A Disease-based Comparison of Health Systems: What is best and at what cost?

Il est particulièrement difficile de mesurer la valeur des soins de santé. Les données traditionnelles permettent par exemple de connaître le nombre de lits d’hôpitaux ou de médecins pour 100 000 habitants, mais que doit-on conclure si certains utilisateurs des services de santé vont mieux et d’autres non ? Ou si les coûts pour un même résultat soient beaucoup plus élevés dans certains pays que dans d’autres ?

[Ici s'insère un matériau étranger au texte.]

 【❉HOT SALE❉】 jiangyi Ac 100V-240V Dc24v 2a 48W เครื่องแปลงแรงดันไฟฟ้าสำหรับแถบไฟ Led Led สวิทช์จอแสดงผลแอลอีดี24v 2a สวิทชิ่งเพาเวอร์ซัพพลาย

L’utilisation de techniques de diagnostic onéreuses et de traitements coûteux ne va pas nécessairement de pair avec une meilleure santé, indique un nouvel ouvrage de l’OCDE, A Disease based Comparison of Health Systems: What is best and at what cost? (Comparaison des systèmes de santé fondée sur les maladies : les meilleures solutions et leurs coûts), qui compare les différentes approches adoptées dans 17 pays en matière de soins de santé. Rédigé par des experts de renom des pays de l’OCDE, cet ouvrage évalue les traitements utilisés face à trois types de maladies : les cardiopathies ischémiques, les accidents vasculaires cérébraux et les cancers du sein. Il compare les coûts de ces traitements au taux de mortalité des patients. Cette analyse fait partie des premières études sur les dépenses de santé réalisées de cette façon et portant sur plusieurs pays à la fois.Le rapport considère que les systèmes de santé nationaux sont dans un certain sens des expériences économiques. En effet, chaque pays utilise des mécanismes financiers et des dispositifs de prestation de soins différents pour atteindre le but commun d’améliorer la santé des citoyens. L’ouvrage indique également que les modalités de comparaison entre les systèmes de santé nationaux doivent être modifiées : au lieu d’envisager uniquement les dépenses encourues par chaque pays, il faut suivre le patient après la phase de diagnostic pour déterminer si les dépenses consacrées au traitement sont justifiées. Après l’analyse de données provenant de sources diverses, le projet, d’une durée de trois ans, a permis de constater que les systèmes de santé fondés sur des régimes d’assurances ont souvent recours à des technologies coûteuses. En revanche, les systèmes publics intégrés, déterminés à exercer un contrôle plus strict sur les dépenses, utilisent ces technologies de manière plus restreinte.